(RECORDS FOR THIS TASK):
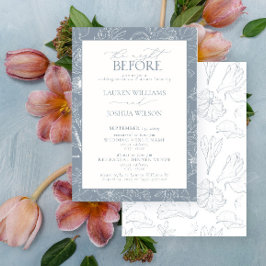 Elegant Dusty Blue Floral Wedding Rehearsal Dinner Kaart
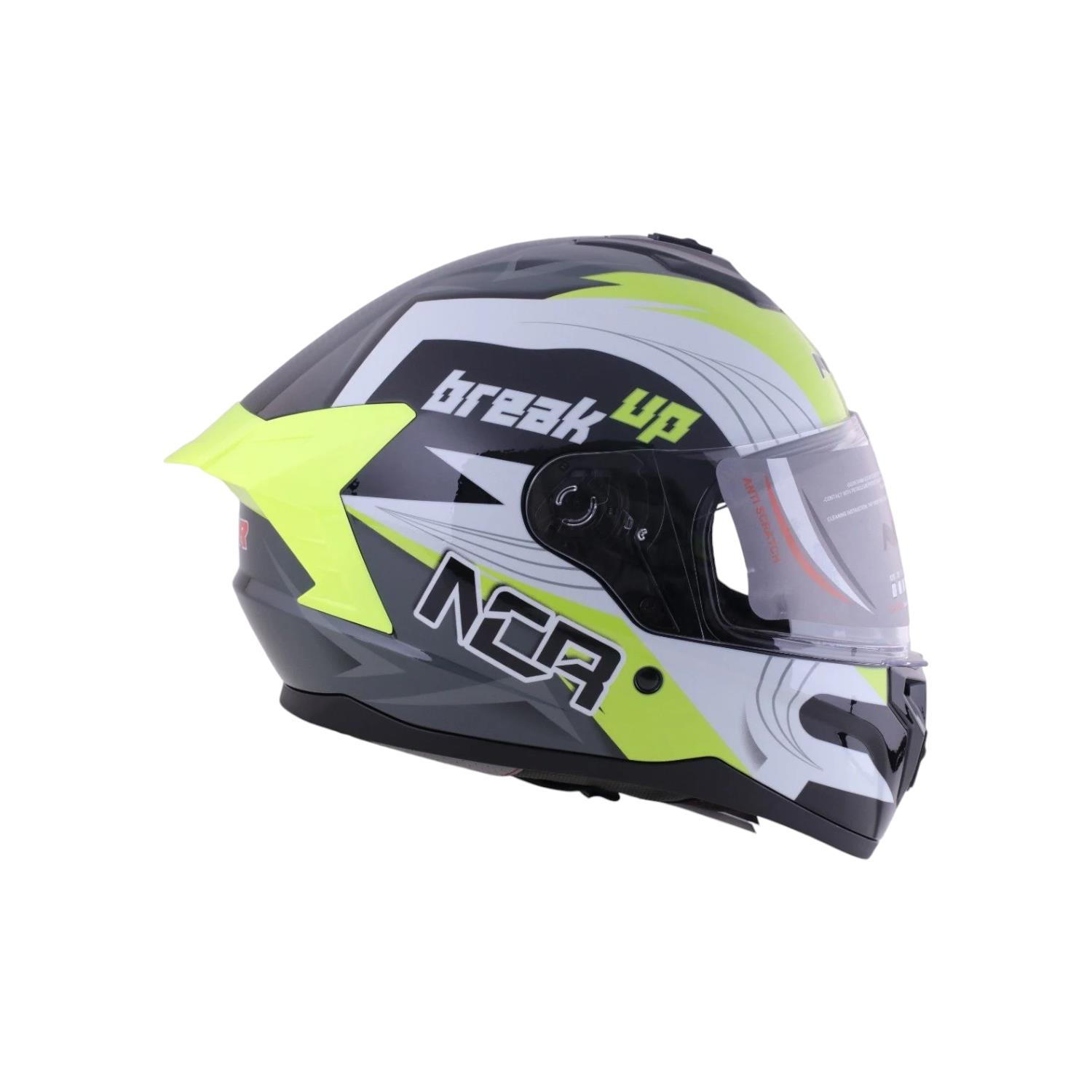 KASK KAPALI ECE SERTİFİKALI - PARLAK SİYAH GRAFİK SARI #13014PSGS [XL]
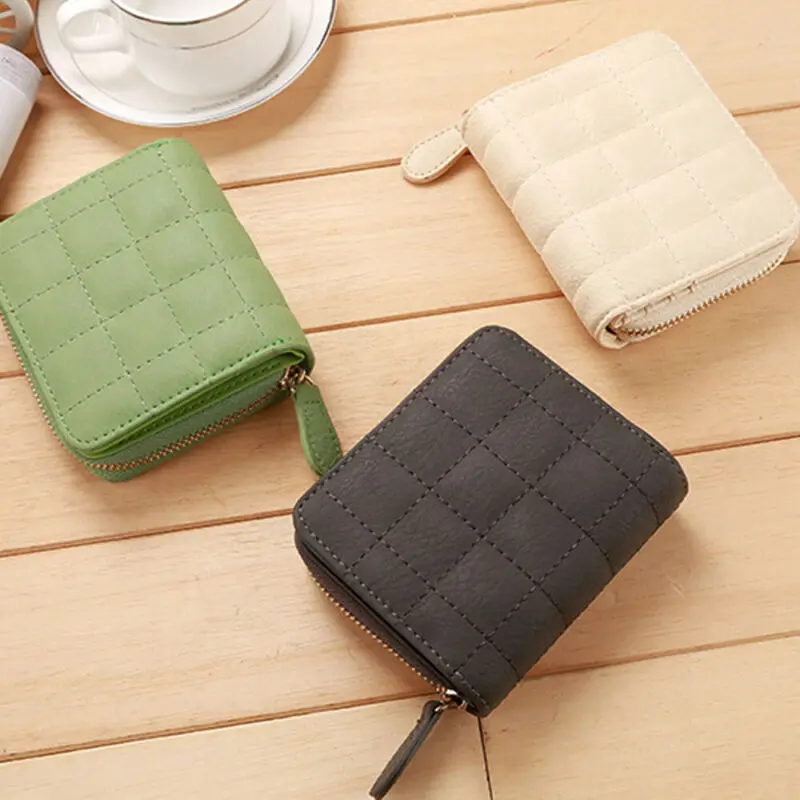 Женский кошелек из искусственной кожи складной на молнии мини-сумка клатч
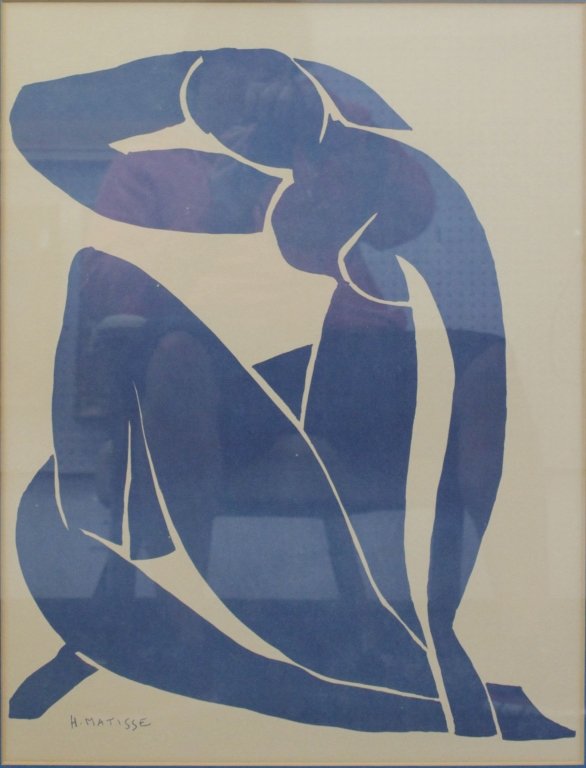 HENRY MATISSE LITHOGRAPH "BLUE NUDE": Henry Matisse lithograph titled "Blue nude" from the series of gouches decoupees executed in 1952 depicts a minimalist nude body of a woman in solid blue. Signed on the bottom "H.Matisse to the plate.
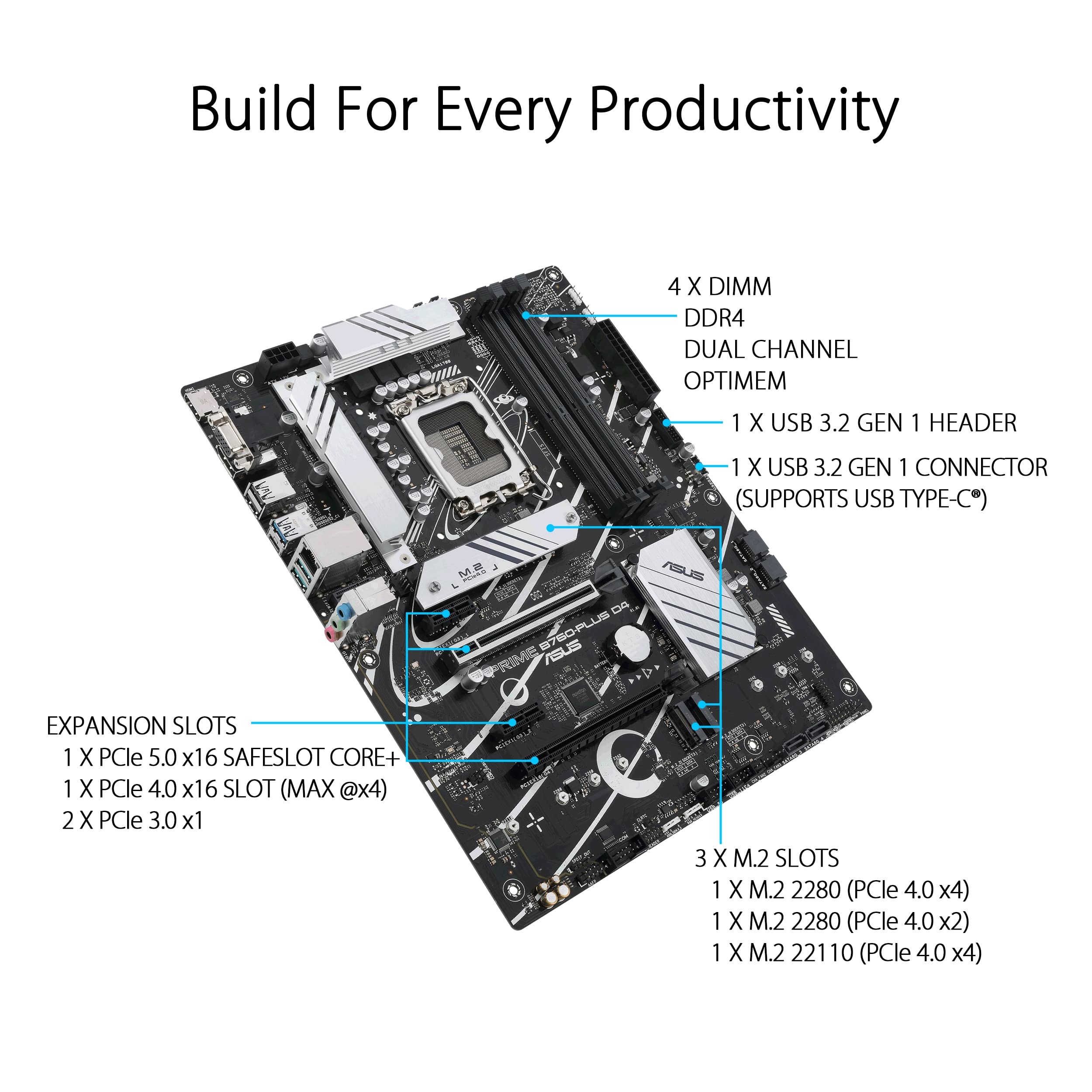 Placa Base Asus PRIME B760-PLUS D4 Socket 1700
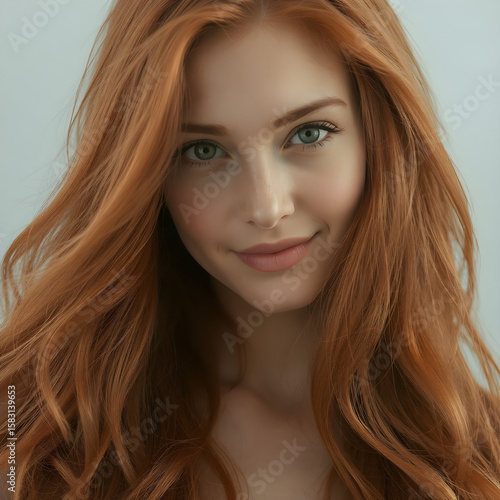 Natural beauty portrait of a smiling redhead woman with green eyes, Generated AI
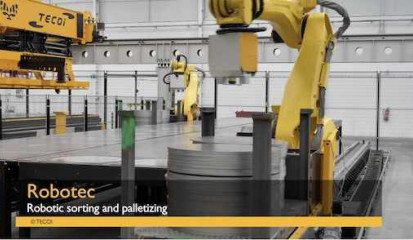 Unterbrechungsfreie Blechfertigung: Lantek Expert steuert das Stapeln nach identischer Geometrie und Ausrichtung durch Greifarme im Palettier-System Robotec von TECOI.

(WORK REQUEST):
The expected output is an exact copy of the lines from the one holding "to the plate." through the last line of the listing above, with the pictures omitted.

(WRITTEN SOLUTION):
 HENRY MATISSE LITHOGRAPH "BLUE NUDE": Henry Matisse lithograph titled "Blue nude" from the series of gouches decoupees executed in 1952 depicts a minimalist nude body of a woman in solid blue. Signed on the bottom "H.Matisse to the plate.
 Placa Base Asus PRIME B760-PLUS D4 Socket 1700
 Natural beauty portrait of a smiling redhead woman with green eyes, Generated AI
 Unterbrechungsfreie Blechfertigung: Lantek Expert steuert das Stapeln nach identischer Geometrie und Ausrichtung durch Greifarme im Palettier-System Robotec von TECOI.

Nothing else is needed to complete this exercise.